Welcome to the official repository of Revisiting Fully Convolutional Geometric Features for Object 6D Pose Estimation, or FCGF6D, to be presented at Recovering 6D Pose Workshop at ICCV 2023. The repository is still work in progress as I am simplifing and refactoring the code, but everything is here. I am currently busy finishing my Master's Degree, but I hope to get all the code done by end of October. Feel free to contact me if you have any questions: jaime.corsetti98@gmail.com.

TODOS:

Setup

Our work is based on Minkoski Engine and implemented with Pytorch Lightning. Please install them following the official instructions before proceeding. We strongly suggest to use a virtual environment for the installation. After this you can install all the other libraries in the requirements.txt file.

Preprocessing

Download the YCBV test split and the OccludedLinemod (LMO) test and train_pbr split from the BOP challenge website. All contents of YCBV should go in a data_ycbv folder, all contents of LMO should go in a data_lmo folder.

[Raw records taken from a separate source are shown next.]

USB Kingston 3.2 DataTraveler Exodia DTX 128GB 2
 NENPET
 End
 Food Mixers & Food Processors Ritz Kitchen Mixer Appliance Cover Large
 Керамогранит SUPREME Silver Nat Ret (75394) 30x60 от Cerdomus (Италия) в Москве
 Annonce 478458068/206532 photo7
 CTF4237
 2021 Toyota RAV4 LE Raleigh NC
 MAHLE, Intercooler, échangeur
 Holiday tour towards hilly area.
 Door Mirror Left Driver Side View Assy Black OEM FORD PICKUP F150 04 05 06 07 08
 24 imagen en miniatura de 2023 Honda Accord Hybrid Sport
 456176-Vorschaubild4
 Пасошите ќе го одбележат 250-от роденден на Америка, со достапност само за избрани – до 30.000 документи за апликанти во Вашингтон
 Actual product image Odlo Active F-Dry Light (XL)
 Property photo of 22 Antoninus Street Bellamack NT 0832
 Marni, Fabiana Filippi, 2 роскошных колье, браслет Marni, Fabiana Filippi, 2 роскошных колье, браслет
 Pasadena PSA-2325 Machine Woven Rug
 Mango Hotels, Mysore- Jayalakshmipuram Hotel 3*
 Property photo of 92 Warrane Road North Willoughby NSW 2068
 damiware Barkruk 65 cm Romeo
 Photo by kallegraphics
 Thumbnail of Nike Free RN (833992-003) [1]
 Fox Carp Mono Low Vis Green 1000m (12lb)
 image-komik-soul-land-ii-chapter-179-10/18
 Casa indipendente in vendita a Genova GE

After this, generate the ground truth by running:

python utils_scripts/make_gt.py --dataset lmo --split test
python utils_scripts/make_gt.py --dataset ycbv --split test

and place the resulting files in the eval_gts folder. This formats the ground truth in an easy-to-read file to be used for the compute_metrics.py script.

Generate the segmentation mask in a better format by running:

python utils_scripts/preprocessing_mask.py --dataset lmo --split test
python utils_scripts/preprocessing_mask.py --dataset ycbv --split test

This will turn the N binary masks for each image provided by BOP in a single mask, which speeds up the I/O processes.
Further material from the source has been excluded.